Although it worked out for you, it's clearly not the wisest choice in an uncertain job market, with no job, to lease the more expensive car. If you couldn't find a job, and had to turn in your lease early, you'd be way under water.


----------



## ragskne (Nov 19, 2004)

I am still grappling with this same dilemma. When I first saw the lease numbers I thought it was a great deal. But then I decided to put my finance degree to work. In the end, the difference between the two after three years was a couple of hundred dollars. With purchasing, I like the fact there are no mileage limits, and if something better comes along in two years I can make a move. In addition, the great state of Pennsylvania has decided to add a 3% lease tax on top of the already ridiculous sales tax of 6 or 7%(depending where you live). For me, this is what has me leaning towards purchasing, no need giving the THE MAN anymore of my hard earned cash.


----------



## Rowag (Nov 12, 2004)

Dawg90 said:


> When people say don't buy a depreciating asset, I think they mean don't pay cash for it. If you put nothing down and finance it, it's really not that different than leasing - you don't have any money tied into it. Either way you are paying interest, only you are underwater longer with a lease.


 Actually that's the point - you DO have some money in something if you purchase it, regardless of whether you finance it or not.

If your lease payment is $100 a month and a financed purchase payment is $200, then (assuming the same APR on both) you've just bought $100 of the car's principal.
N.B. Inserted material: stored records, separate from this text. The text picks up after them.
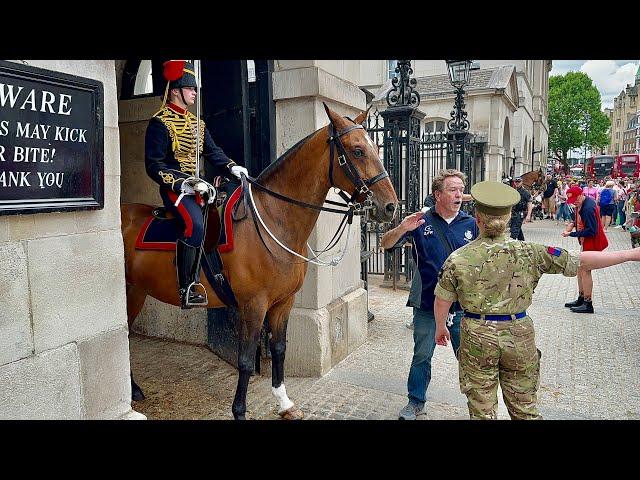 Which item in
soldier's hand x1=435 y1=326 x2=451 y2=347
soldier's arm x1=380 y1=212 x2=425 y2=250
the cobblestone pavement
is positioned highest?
soldier's arm x1=380 y1=212 x2=425 y2=250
As you make more payments the principal amount goes up (while the interest portion of the payment goes down), so next month you own $101 more, then $102 more, etc.

The point of owning a depreciating asset comes into play when you look at the money you've put into the car. You're putting an extra $100+ a month of your money into something that loses value over time. That $100 you put into the car will be worth less than $100 in a year, even if you don't drive it.

Conversely, if you put that $100 into an appreciating asset (a savings account, CD, money market fund, real estate, etc.) then a year later it will most likely be worth more than what you put in.

Now if you DON'T do that and just throw the money down the toilet ("yay, I saved $100 a month by leasing, I can go out to eat more often") then you definitely will be underwater if you leave your lease early versus if you made it a purchase. By purchasing you are forcing yourself into putting money into the principal of the car every month.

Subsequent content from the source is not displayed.